## WHAT IS NEEDED
Produce word for word the lines of the data below running from the one that has "Gothic black lace" to the one that has "Apple, orange, kiwi", inclusive, and no others.
====== INPUT FOR THIS TASK
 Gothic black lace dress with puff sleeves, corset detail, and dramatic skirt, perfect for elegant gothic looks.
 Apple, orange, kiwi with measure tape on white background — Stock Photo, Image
============
====== INPUT FOR THIS TASK
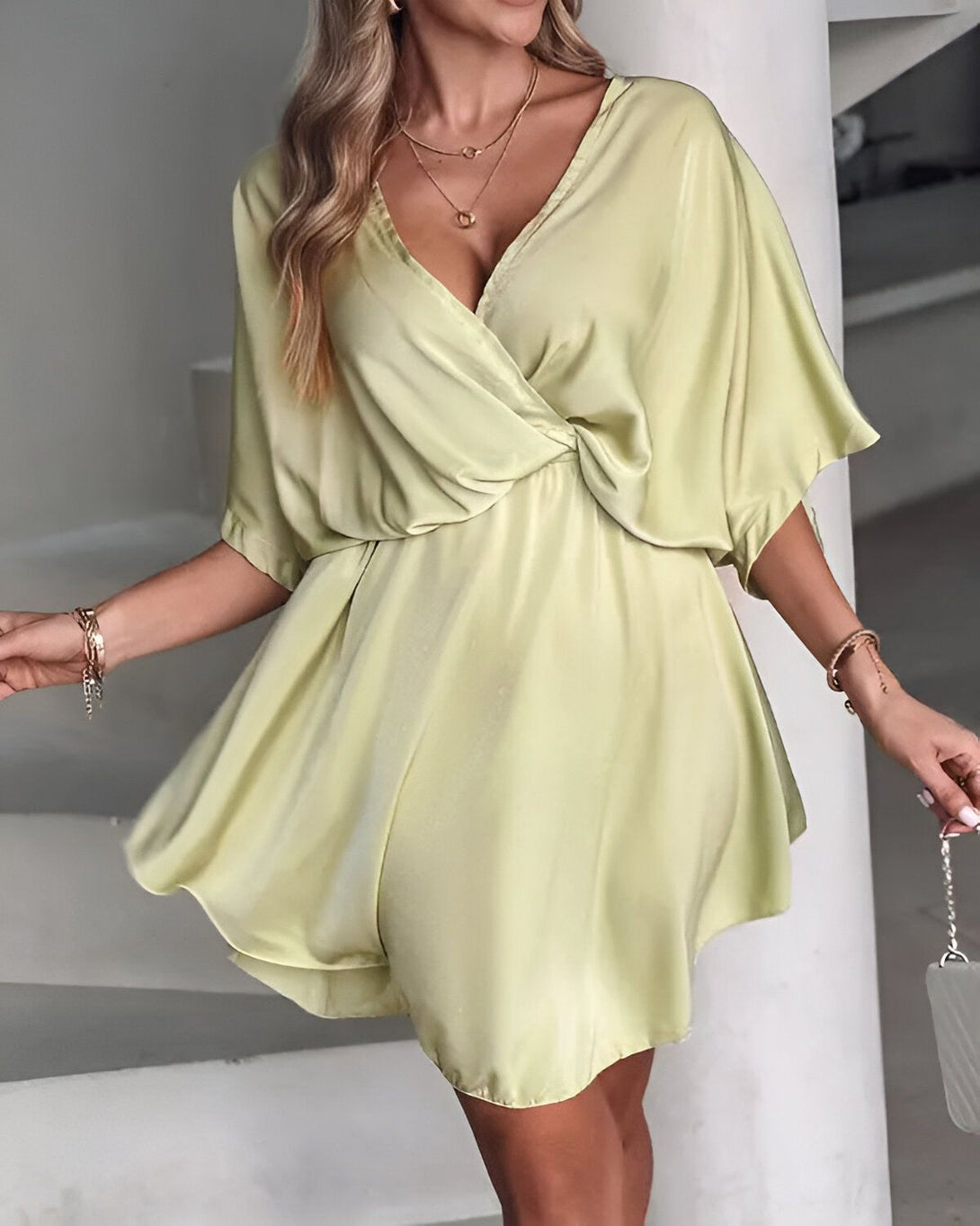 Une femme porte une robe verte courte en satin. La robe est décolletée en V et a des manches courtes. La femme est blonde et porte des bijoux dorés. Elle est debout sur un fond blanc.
============
====== INPUT FOR THIS TASK
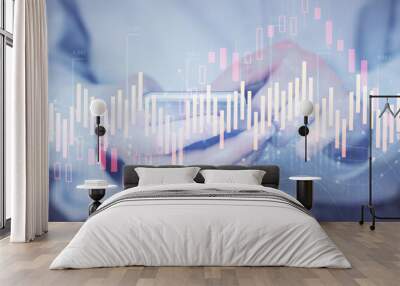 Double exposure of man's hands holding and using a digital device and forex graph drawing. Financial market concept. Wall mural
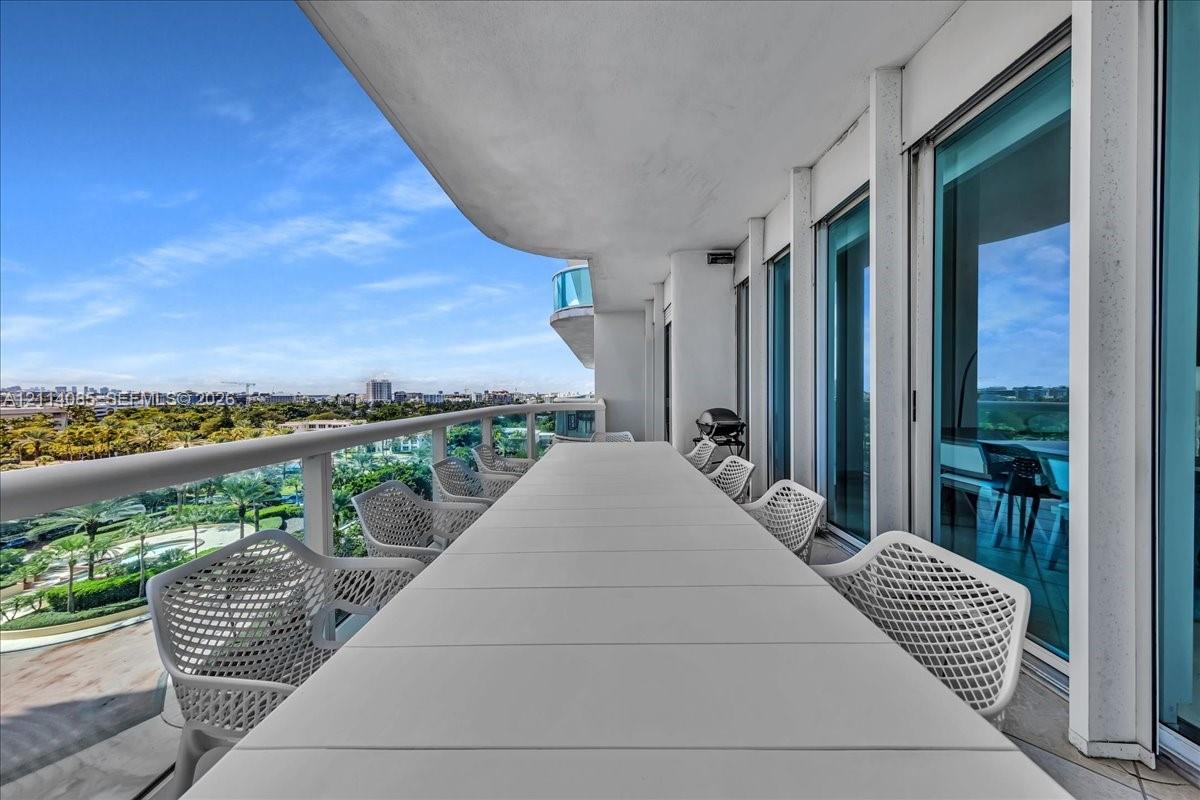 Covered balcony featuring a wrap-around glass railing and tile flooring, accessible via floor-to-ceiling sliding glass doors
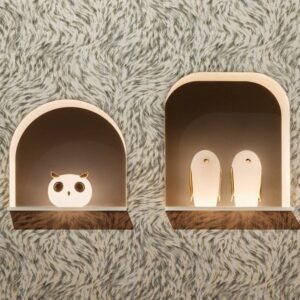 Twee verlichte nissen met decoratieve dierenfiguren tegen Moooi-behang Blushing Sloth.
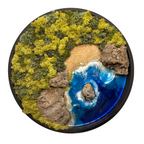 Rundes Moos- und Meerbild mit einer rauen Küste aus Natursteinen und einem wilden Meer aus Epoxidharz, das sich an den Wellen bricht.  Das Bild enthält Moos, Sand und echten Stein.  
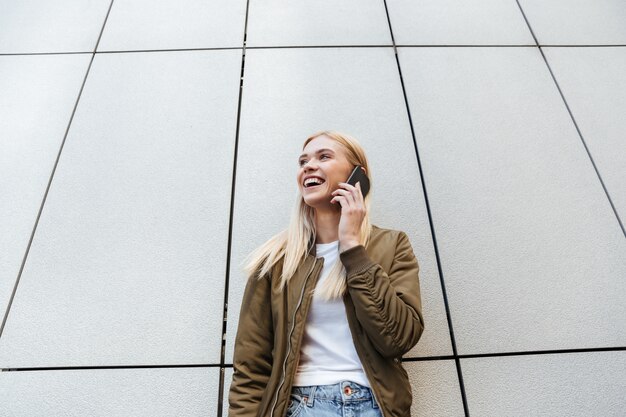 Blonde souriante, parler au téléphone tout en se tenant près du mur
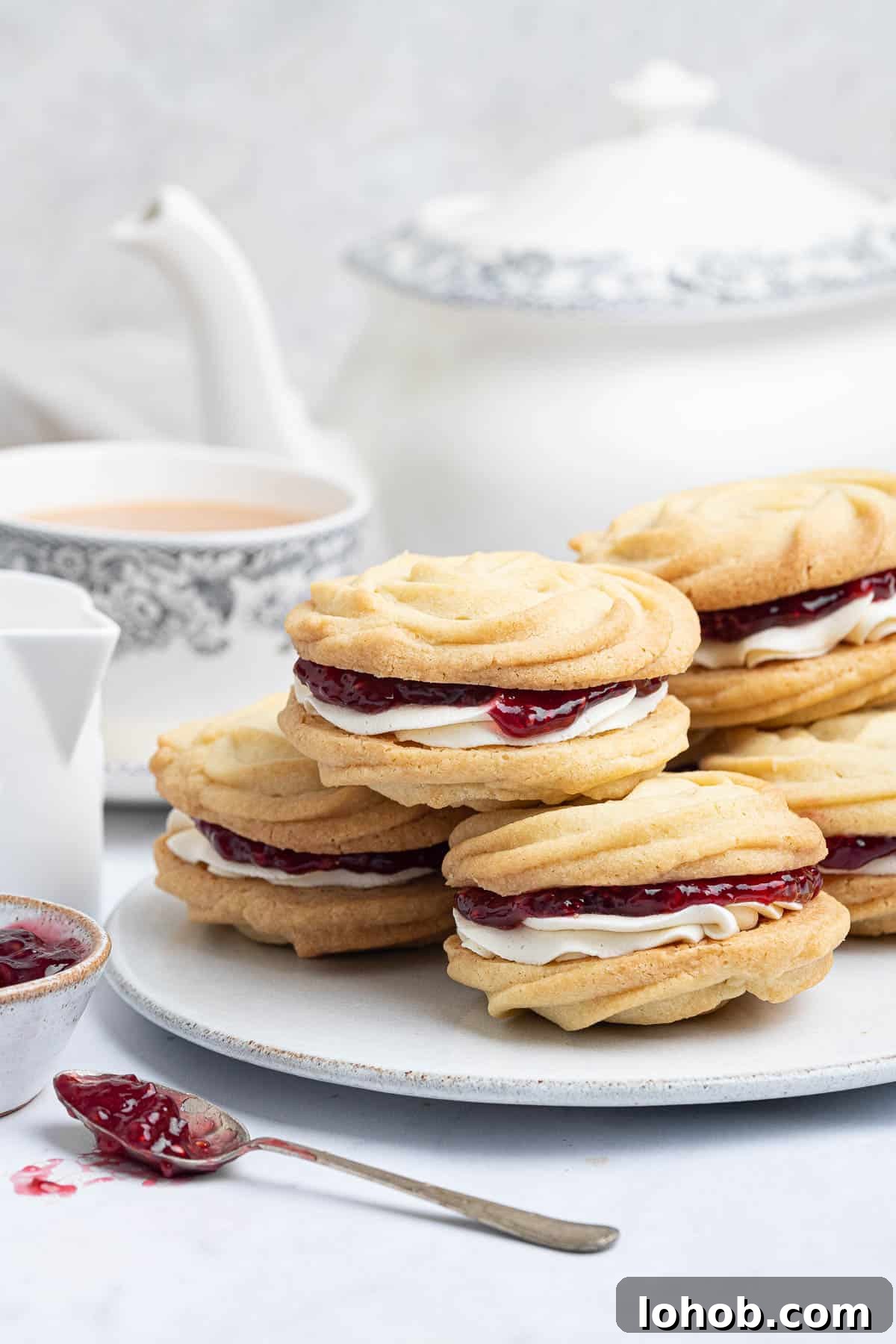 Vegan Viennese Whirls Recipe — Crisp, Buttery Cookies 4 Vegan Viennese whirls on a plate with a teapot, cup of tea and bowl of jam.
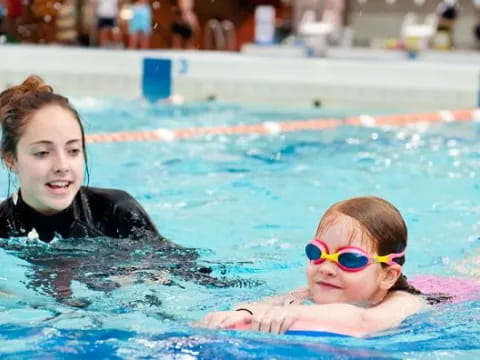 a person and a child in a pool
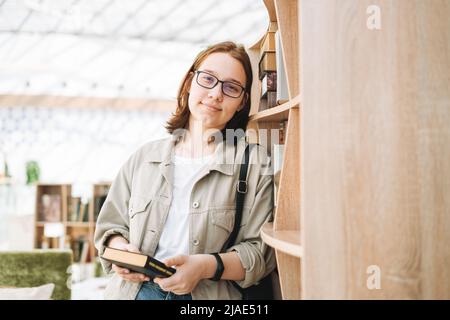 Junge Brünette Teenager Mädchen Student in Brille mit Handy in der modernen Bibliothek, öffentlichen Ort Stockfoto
============
## RESPONSE BOX
 Gothic black lace dress with puff sleeves, corset detail, and dramatic skirt, perfect for elegant gothic looks.
 Apple, orange, kiwi with measure tape on white background — Stock Photo, Image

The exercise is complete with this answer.